====== Records for processing ======

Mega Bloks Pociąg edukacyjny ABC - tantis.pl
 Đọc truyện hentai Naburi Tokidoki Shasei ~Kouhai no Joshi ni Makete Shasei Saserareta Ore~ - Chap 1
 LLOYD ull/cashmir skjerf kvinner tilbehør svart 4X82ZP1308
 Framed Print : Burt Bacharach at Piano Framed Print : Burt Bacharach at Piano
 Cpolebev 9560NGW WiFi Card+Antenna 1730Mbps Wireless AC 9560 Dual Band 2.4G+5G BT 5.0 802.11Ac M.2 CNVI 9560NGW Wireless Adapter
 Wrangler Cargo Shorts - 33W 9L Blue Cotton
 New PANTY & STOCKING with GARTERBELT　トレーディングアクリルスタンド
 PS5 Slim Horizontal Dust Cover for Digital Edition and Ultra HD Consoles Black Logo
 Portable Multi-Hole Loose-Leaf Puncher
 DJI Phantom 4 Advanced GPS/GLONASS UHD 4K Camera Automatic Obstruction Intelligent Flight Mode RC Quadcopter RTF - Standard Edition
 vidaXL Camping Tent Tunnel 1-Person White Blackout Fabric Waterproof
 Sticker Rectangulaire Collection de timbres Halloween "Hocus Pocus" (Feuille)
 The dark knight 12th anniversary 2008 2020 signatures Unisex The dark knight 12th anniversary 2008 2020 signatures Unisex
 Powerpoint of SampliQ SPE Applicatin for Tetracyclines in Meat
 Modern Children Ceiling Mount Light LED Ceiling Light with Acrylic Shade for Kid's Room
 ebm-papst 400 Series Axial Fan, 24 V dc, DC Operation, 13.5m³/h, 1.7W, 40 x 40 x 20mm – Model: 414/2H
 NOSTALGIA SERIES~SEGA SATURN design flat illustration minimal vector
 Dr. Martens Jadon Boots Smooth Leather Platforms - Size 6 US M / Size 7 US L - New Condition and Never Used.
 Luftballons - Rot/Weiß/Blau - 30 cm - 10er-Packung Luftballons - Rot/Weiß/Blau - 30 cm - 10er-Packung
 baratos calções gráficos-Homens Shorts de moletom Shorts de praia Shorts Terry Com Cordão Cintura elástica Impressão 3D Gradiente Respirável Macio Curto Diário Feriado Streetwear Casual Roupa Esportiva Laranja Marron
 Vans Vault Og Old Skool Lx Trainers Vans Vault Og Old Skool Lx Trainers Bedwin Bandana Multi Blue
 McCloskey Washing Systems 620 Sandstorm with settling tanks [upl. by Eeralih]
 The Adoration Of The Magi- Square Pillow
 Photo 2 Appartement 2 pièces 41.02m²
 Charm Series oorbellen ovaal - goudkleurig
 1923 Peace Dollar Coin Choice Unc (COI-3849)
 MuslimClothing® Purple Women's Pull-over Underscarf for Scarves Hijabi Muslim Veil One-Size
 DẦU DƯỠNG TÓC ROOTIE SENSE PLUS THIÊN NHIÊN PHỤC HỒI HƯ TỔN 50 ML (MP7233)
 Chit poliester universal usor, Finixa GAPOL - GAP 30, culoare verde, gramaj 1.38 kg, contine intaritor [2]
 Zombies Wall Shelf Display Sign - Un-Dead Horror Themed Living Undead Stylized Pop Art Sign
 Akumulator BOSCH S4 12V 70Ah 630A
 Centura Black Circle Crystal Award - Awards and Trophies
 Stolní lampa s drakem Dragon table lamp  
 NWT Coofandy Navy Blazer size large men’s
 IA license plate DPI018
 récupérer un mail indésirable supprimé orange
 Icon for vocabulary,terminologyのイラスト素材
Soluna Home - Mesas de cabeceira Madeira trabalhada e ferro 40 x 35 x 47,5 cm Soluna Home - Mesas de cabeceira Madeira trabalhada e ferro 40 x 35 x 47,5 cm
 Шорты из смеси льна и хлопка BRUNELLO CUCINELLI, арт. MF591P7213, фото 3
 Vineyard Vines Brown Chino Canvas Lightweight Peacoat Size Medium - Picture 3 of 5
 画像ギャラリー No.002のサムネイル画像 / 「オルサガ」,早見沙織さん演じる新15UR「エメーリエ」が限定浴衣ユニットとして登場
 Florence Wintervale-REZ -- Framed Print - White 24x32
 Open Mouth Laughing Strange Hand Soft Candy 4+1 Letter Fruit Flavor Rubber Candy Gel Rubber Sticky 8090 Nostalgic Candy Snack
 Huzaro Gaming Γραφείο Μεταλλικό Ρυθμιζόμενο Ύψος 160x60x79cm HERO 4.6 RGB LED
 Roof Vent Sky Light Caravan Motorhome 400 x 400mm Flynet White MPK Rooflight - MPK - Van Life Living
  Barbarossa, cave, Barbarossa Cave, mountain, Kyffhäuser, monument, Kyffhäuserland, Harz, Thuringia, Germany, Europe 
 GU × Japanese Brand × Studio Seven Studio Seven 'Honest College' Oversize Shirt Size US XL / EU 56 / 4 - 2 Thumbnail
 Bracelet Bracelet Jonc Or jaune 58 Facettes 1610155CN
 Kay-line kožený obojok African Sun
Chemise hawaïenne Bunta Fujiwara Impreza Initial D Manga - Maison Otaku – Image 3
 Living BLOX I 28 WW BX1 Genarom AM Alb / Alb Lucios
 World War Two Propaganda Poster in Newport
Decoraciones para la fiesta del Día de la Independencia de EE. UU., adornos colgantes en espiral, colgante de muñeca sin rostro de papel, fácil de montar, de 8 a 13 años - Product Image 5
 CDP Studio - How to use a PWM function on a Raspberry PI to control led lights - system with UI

======

For every line of the records that has the word "White" in it, make a copy.

 vidaXL Camping Tent Tunnel 1-Person White Blackout Fabric Waterproof
 Florence Wintervale-REZ -- Framed Print - White 24x32
 Roof Vent Sky Light Caravan Motorhome 400 x 400mm Flynet White MPK Rooflight - MPK - Van Life Living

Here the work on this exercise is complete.